10. It would be better if the authors could clarify the meaning of n.d. in "Wu et al., n.d.".

This work was previously in press, and recently published. We have updated this reference.

11. Line 336-337: it remains unclear what the role of anti-oxidative stress is in the Txnip-mediated cone rescue effect. It would be helpful if the authors added an experiment to demonstrate the changes in ROS in Txnip (wt and C237S)-mediated activities.

The Txnip WT allele is believed to decrease the anti-oxidative stress function of thioredoxin through binding that requires the Txnip C247 residue , i.e. the WT allele should increase oxidative stress. See the discussion above regarding the role of Txnip in oxidative stress. It is clear that more work needs to be done to understand our findings relative to oxidative stress.

12. Line 353: it would be helpful if the authors could explain why the Txnip rescue did not depend on ketolysis or ß-oxidation.

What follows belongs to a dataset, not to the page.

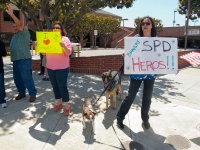 salinas-police-rally_3_5-31-14.jpg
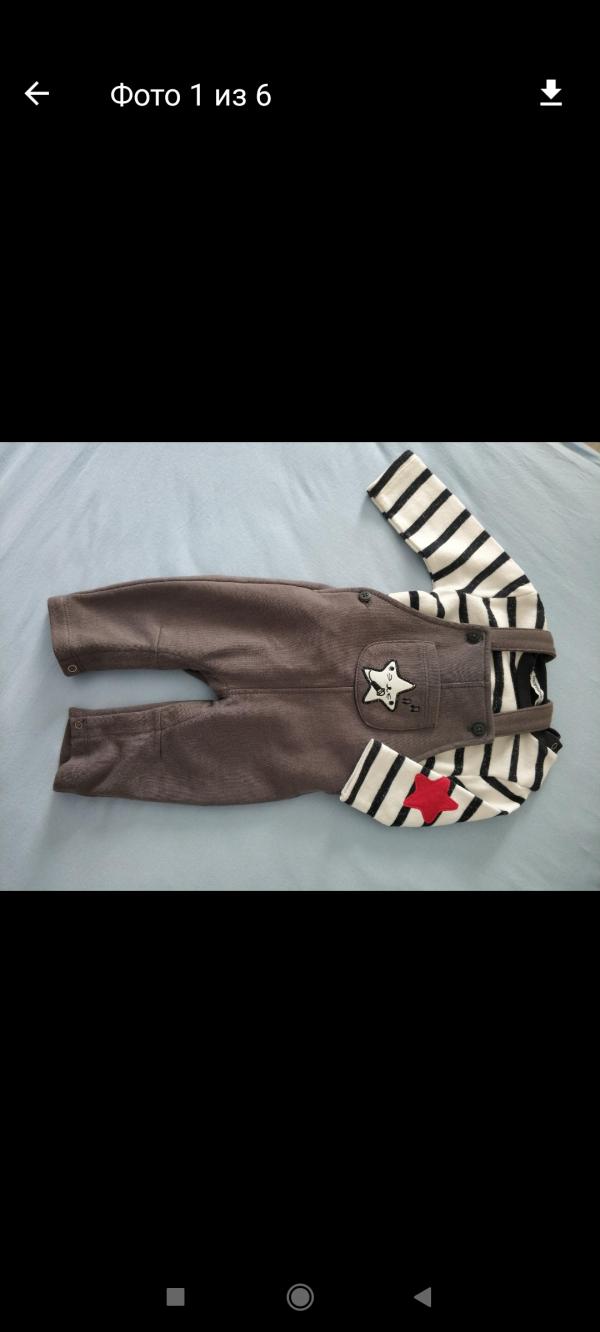 post image 1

While we cannot know the answer to this question, we did speculate, in the original Discussion: “An important factor in the reliance on Ldhb could be the availability of lactate, which is highly available from serum (Hui et al., 2017). Lactate could be transported via the RPE and/or Müller glia, and/or the internal retinal vasculature which comes in closer proximity to cones after rod death. Ketones are usually only available during fasting, and lipids are hydrophobic molecules which are slow to be transported across the plasma membranes. Moreover, lipids are required to rebuild the membrane-rich outer segments, and thus might be somewhat limited.”

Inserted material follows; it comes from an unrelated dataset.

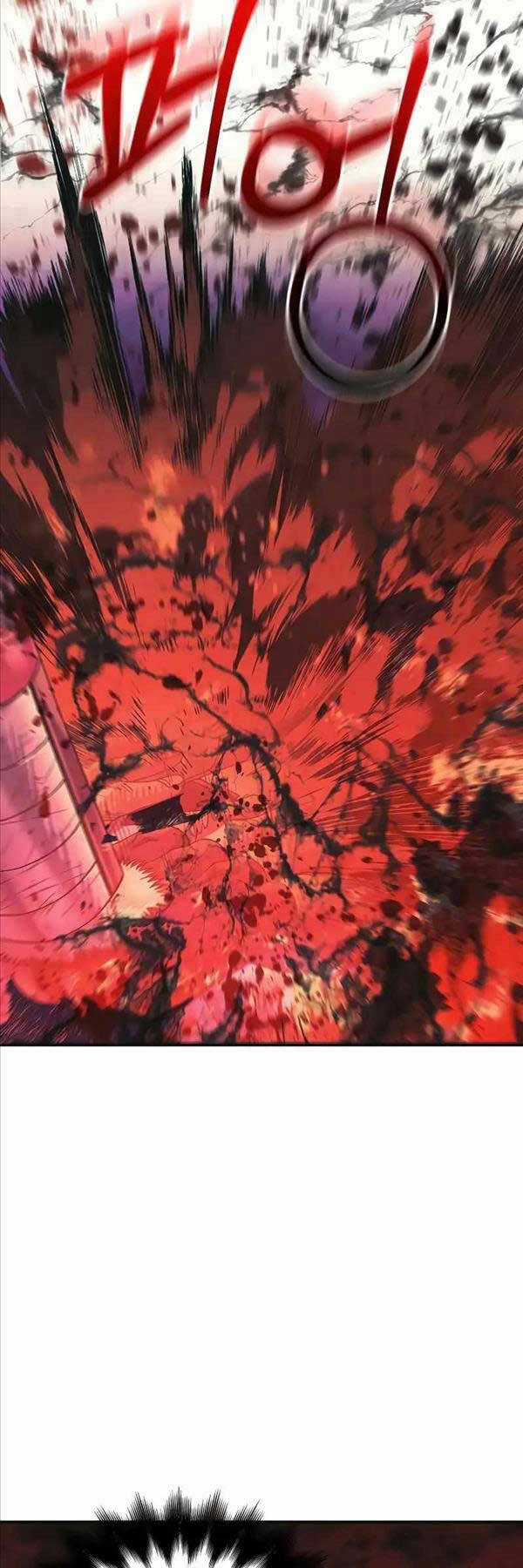 Sống Sót Trong Trò Chơi Với Tư Cách Là Một Cuồng Nhân Máy chơi trò chơi điện tử tốt nhất Chapter 30 trang 96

13. Line 487-488: "The GFP fluorescence intensity served as a fast 488 and direct read out of the knockdown efficiency of these shRNAs." The GFP after IRES can sometimes too weak to produce a fast and direct readout. Do the authors have the image/a figure on this?

Yes, these images were supplied in the original version, in Extended data Figure 8-11 (now Figure 2—figure supplement 2, Figure 3—figure supplement 2-4).

14. It is unclear whether the control group in this study refers to the non-injected eye or to saline injections

In Methods- subretinal injection section, we have added a sentence that reads: “All of the control groups in this study refer to AAV reporter (e.g. H2BGFP or PercevalHR) injection alone.”